We are excited to announce depyf, a new tool to pull out all the artifacts of torch.compile, and to decompile all the bytecode into source code so that every user understands it.

Example usage:

import torch
+ @torch.compile(backend="eager")
- @torch.compile
def toy_example(a, b):
    x = a / (torch.abs(a) + 1)
    if b.sum() < 0:
        b = b * -1
    return x * b

for _ in range(100):
    toy_example(torch.randn(10), torch.randn(10))

+ from depyf.explain import dump_src
+ src = dump_src(toy_example)
+ with open("explained_code.py", "w") as f:
+     f.write(src)

It's this simple: switch the backend to "eager", and run the dump_src function to pull out all the artifacts from torch.compile.

In the dumped explained_code.py file, you can see something like below:

def guard_2(L):
    return (___guarded_code.valid) \
        and (___check_global_state()) \
        and (hasattr(L['b'], '_dynamo_dynamic_indices') == False) \
        and (hasattr(L['x'], '_dynamo_dynamic_indices') == False) \
        and (utils_device.CURRENT_DEVICE == None) \
        and (___skip_backend_check() or ___current_backend() == ___lookup_backend(5096739488)) \
        and (___check_tensors(L['b'], L['x'], tensor_check_names=tensor_check_names))

def __compiled_fn_4(L_b_ : torch.Tensor, L_x_ : torch.Tensor):
      l_b_ = L_b_
      l_x_ = L_x_
      mul = l_x_ * l_b_;  l_x_ = l_b_ = None
      return (mul,)


def compiled_code_2(b, x):
      return __compiled_fn_4(b, x)[0]


def __resume_at_38_2(b, x):
    # Note: if there is a compiled version below, this function might well not be executed directly. Please check the compiled version if possible.
    return x * b

def compiled___resume_at_38_2(b, x):
    L = {"b": b, "x": x}
    if guard_2(L):
        return compiled_code_2(b, x)
    # Note: this function might well not be executed directly. It might well be compiled again, i.e. adding one more guards and compiled code.
    return __resume_at_38_2(b, x)

#============ end of __resume_at_38_2 ============#

def guard_1(L):
    return (___guarded_code.valid) \
        and (___check_global_state()) \
        and (hasattr(L['b'], '_dynamo_dynamic_indices') == False) \
        and (hasattr(L['x'], '_dynamo_dynamic_indices') == False) \
        and (utils_device.CURRENT_DEVICE == None) \
        and (___skip_backend_check() or ___current_backend() == ___lookup_backend(5096739488)) \
        and (___check_tensors(L['b'], L['x'], tensor_check_names=tensor_check_names))
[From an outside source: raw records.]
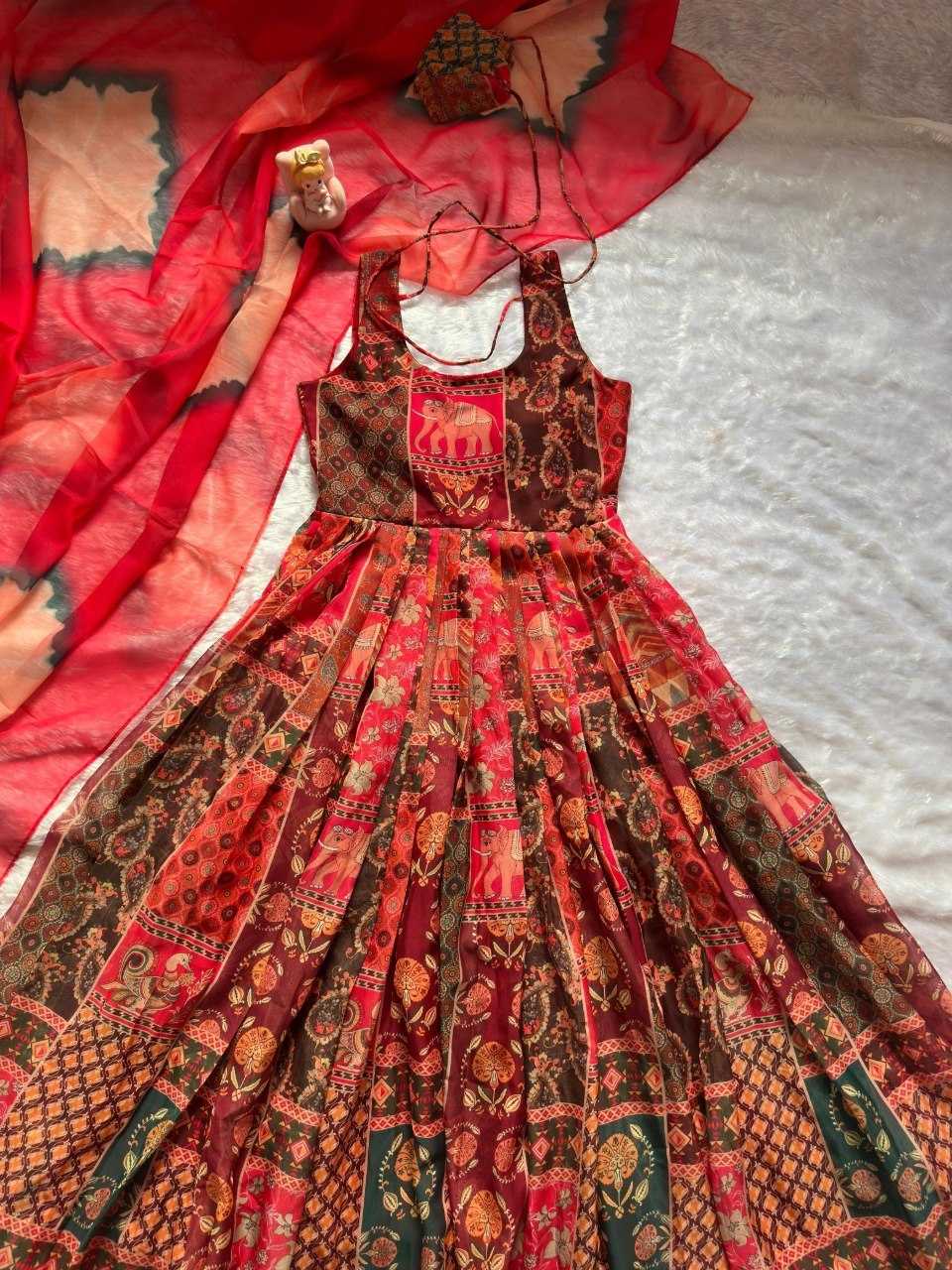 YNF Wholesale Organza Printed Gowns KESH522 KR : 124 | Surat Manufacturer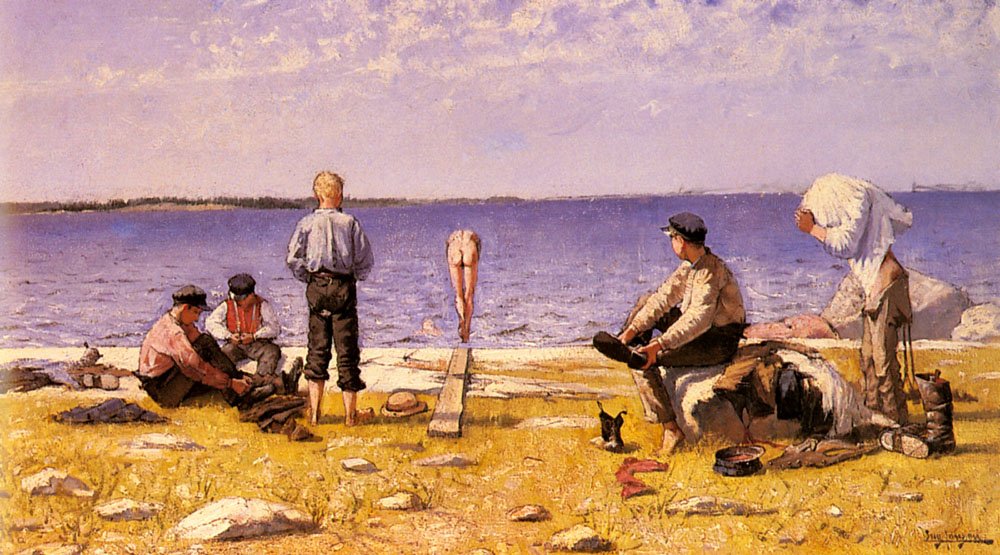 Chłopcy na plaży autorstwa Eugène Jansson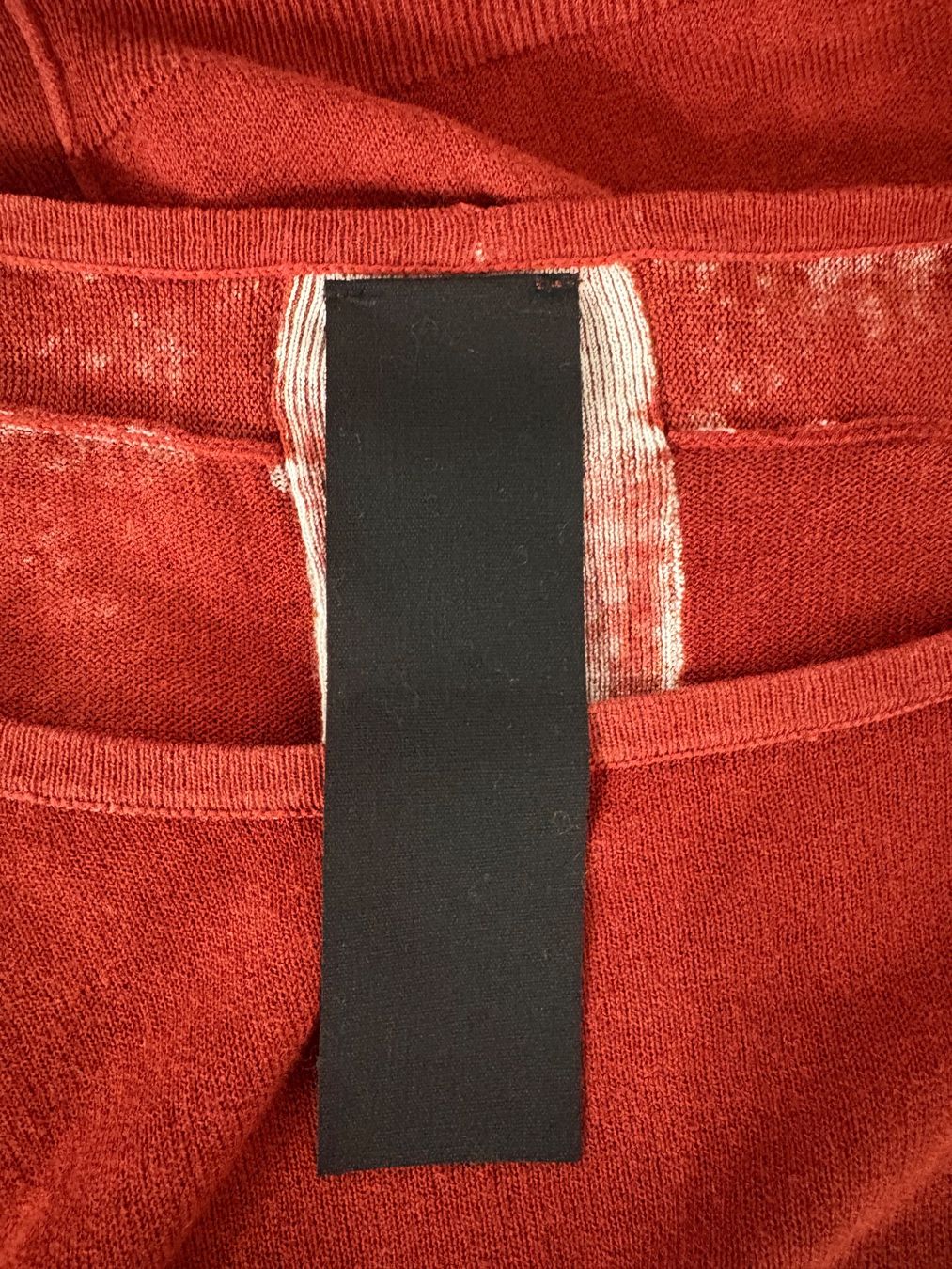 Rundholz Maglioni & Felpe: Rundholz oversize Pullover Rost mit Aufschrift S – Nuovo e nell'imballaggio originale da Regensdorf venduto da sec_l5cr 5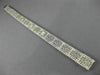ANTIQUE WIDE & LONG .15CT DIAMOND 14K WHITE GOLD FILIGREE TENNIS BRACELET #26025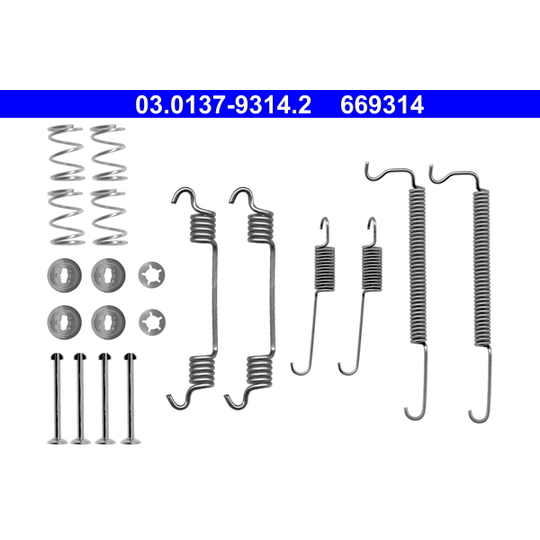 03.0137-9314.2 - Accessory Kit, brake shoes 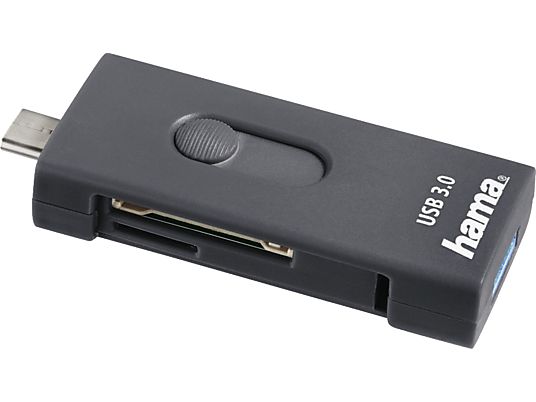 HAMA USB-3.1 - lecteur de cartes (Gris)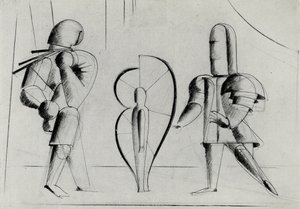 Van Het Podium bij het Bauhaus Die Bühne im Bauhaus door Oskar Schlemmer
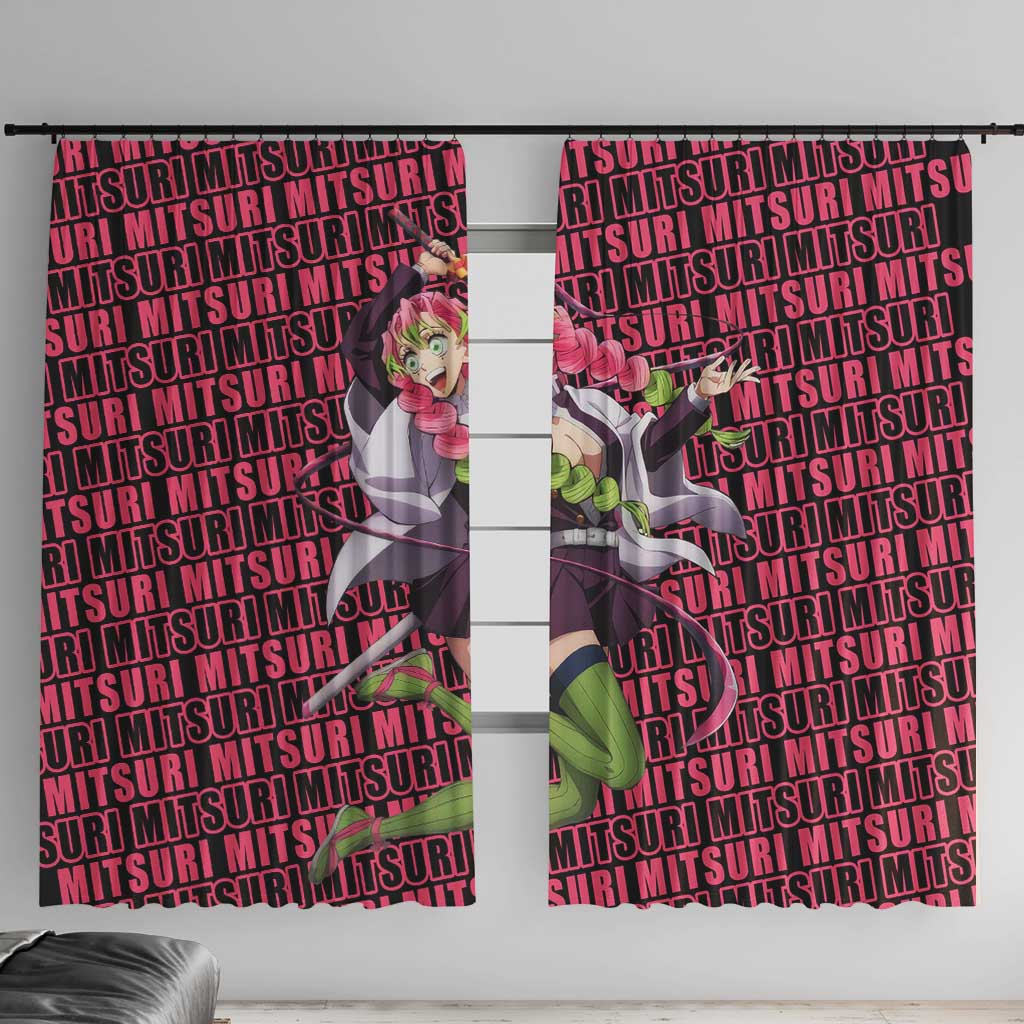 Mitsuri Kanroji - Demon Slayer Window Curtain Anime Style
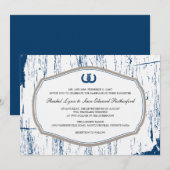 Rustige Hoefijzers Barn Wedding Kaart (Voorkant / Achterkant)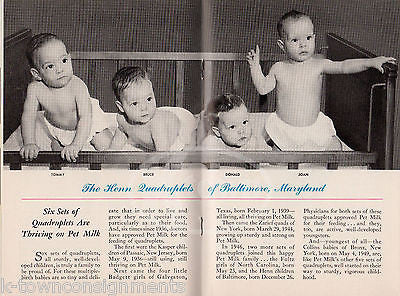 YOUR BABY VINTAGE NEW MOTHERS GRAPHIC ILLUSTRATED GUIDE BOOK PET MILK CO 1950 - K-townConsignments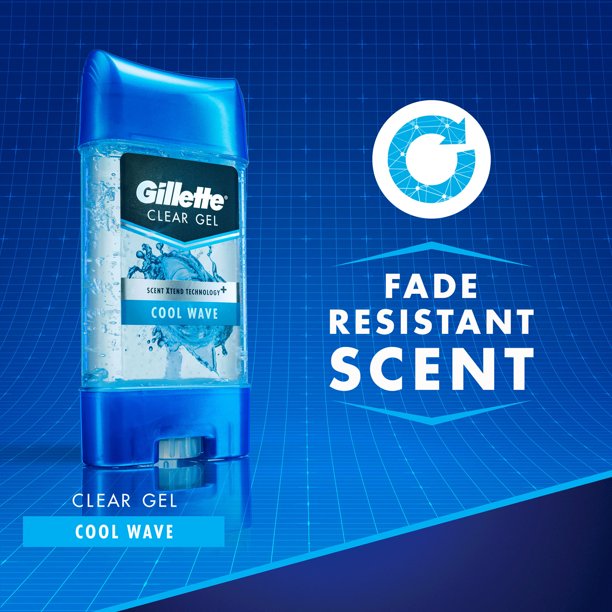 Gillette Cool Wave Antiperspirant Deodorant for Men, 5 ct.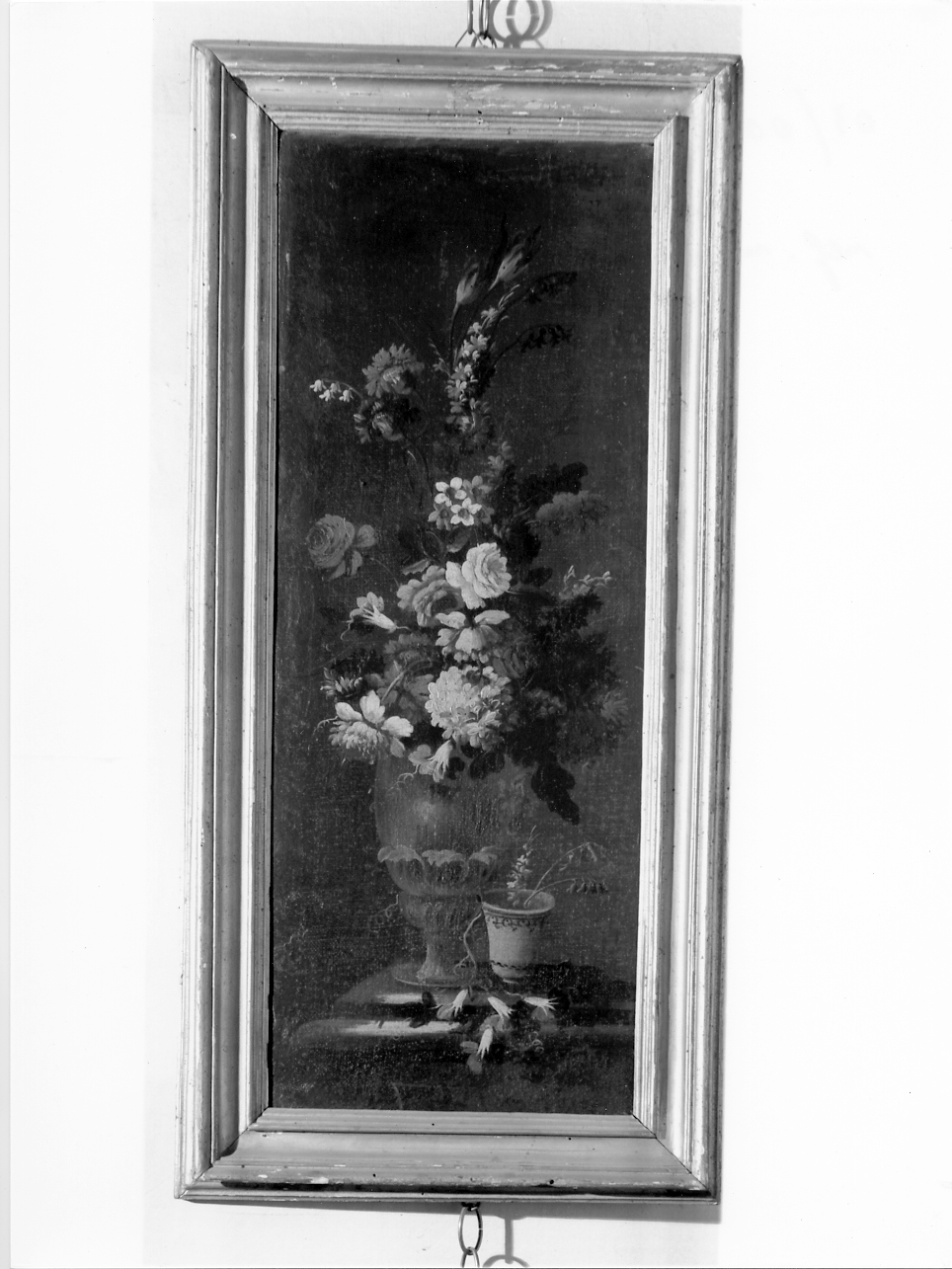 vaso con fiori (dipinto, opera isolata) - ambito lombardo (prima metà sec. XVIII)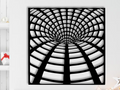 Optical Illusion Wall Art Infinite Wormhole Vortex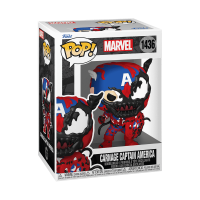 Фигурка Funko Pop Carnage Captain America / Фанко Поп Марвел Карнаж Капитан Америка #1436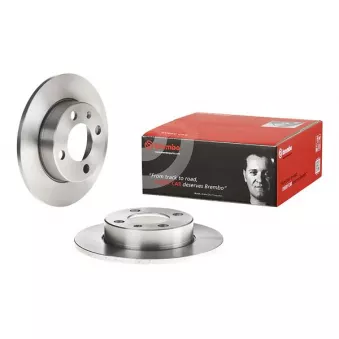 Jeu de 2 disques de frein arrière BREMBO 08.7165.20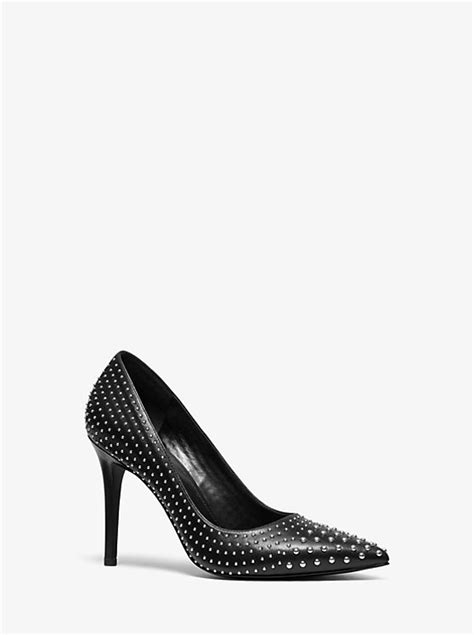 Claire Studded Leather Pump 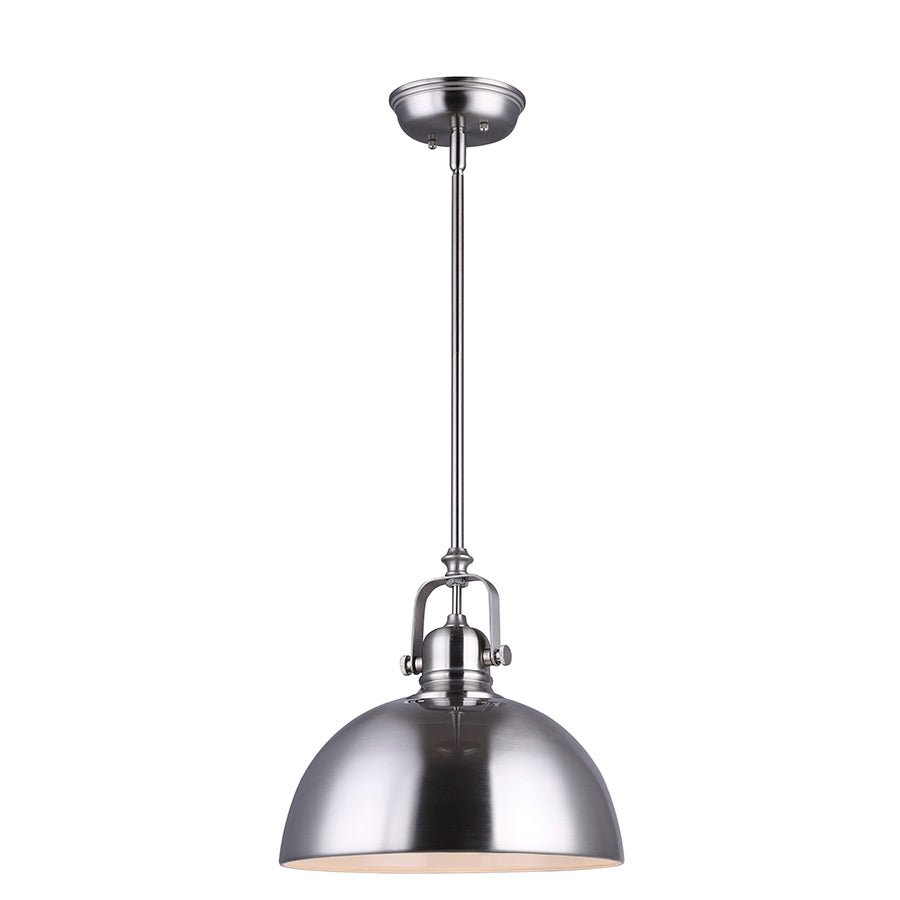 Suspension Polo - Nickel brossé 9" by Canarm | Luminaires & cie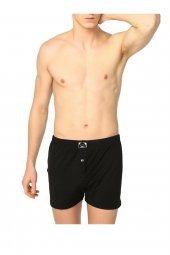 Gümüş İç Giyim Düğmeli Erkek Boxer 6 Lı Paket - 2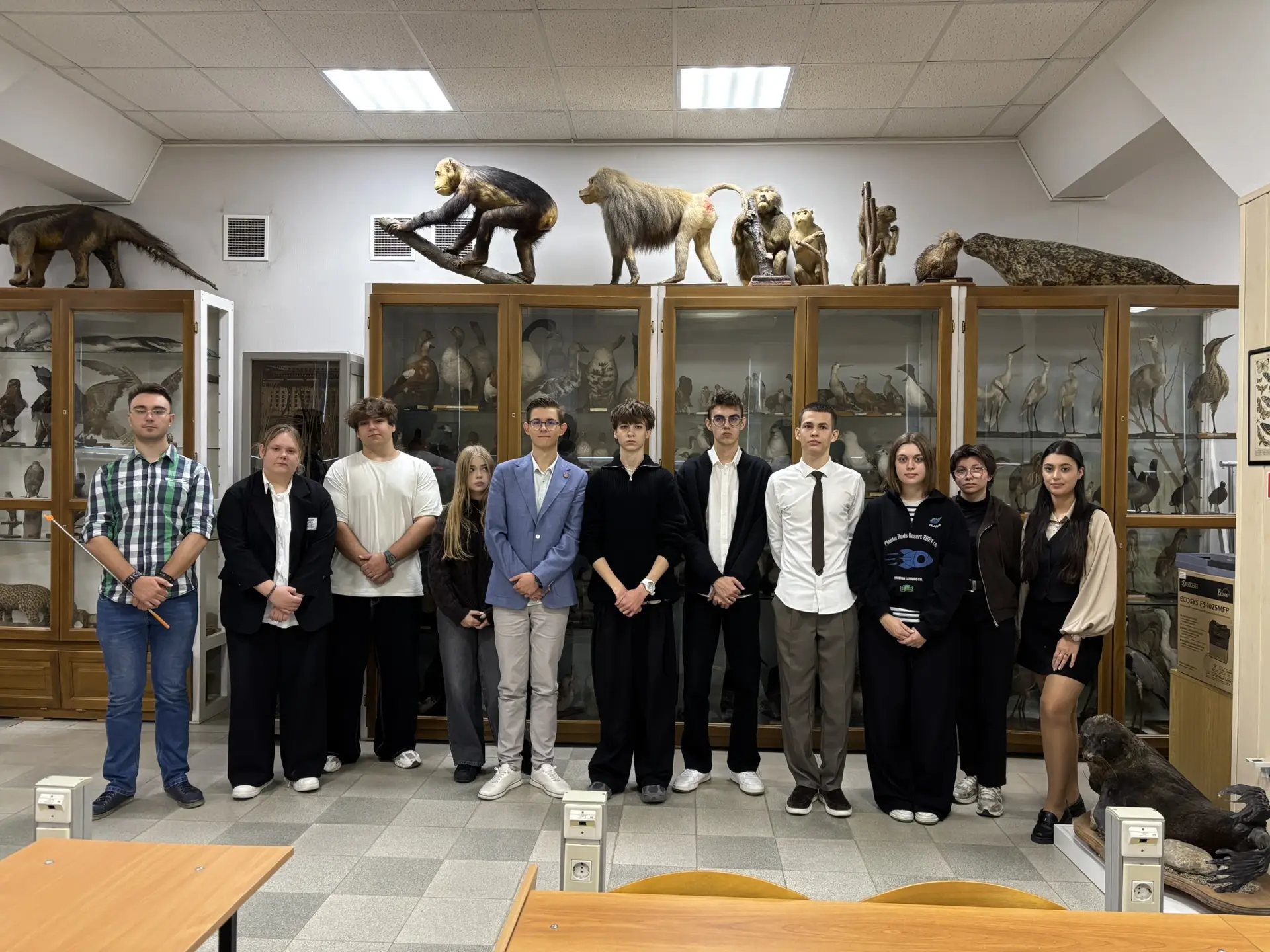 29 сентября учащиеся 10-11 класса биологического профиля посетили зоологический музей Ю...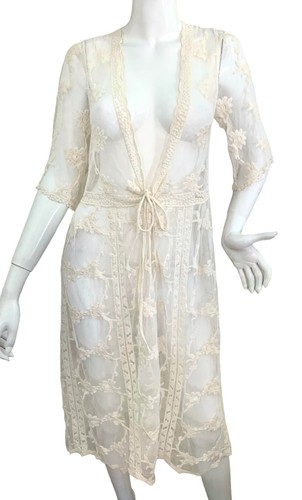 Woven heart cover up ivory - up,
def __compiled_fn_3(L_b_ : torch.Tensor, L_x_ : torch.Tensor):
      l_b_ = L_b_
      l_x_ = L_x_
      b = l_b_ * -1;  l_b_ = None
      mul_1 = l_x_ * b;  l_x_ = b = None
      return (mul_1,)


def compiled_code_1(b, x):
      return __compiled_fn_3(b, x)[0]


def __resume_at_30_1(b, x):
    # Note: if there is a compiled version below, this function might well not be executed directly. Please check the compiled version if possible.
    b = b * -1
    return x * b

def compiled___resume_at_30_1(b, x):
    L = {"b": b, "x": x}
    if guard_1(L):
        return compiled_code_1(b, x)
    # Note: this function might well not be executed directly. It might well be compiled again, i.e. adding one more guards and compiled code.
    return __resume_at_30_1(b, x)

#============ end of __resume_at_30_1 ============#

def guard_0(L):
    return (___guarded_code.valid) \
        and (___check_global_state()) \
        and (hasattr(L['a'], '_dynamo_dynamic_indices') == False) \
        and (hasattr(L['b'], '_dynamo_dynamic_indices') == False) \
        and (utils_device.CURRENT_DEVICE == None) \
        and (___skip_backend_check() or ___current_backend() == ___lookup_backend(5096739488)) \
        and (___check_tensors(L['a'], L['b'], tensor_check_names=tensor_check_names))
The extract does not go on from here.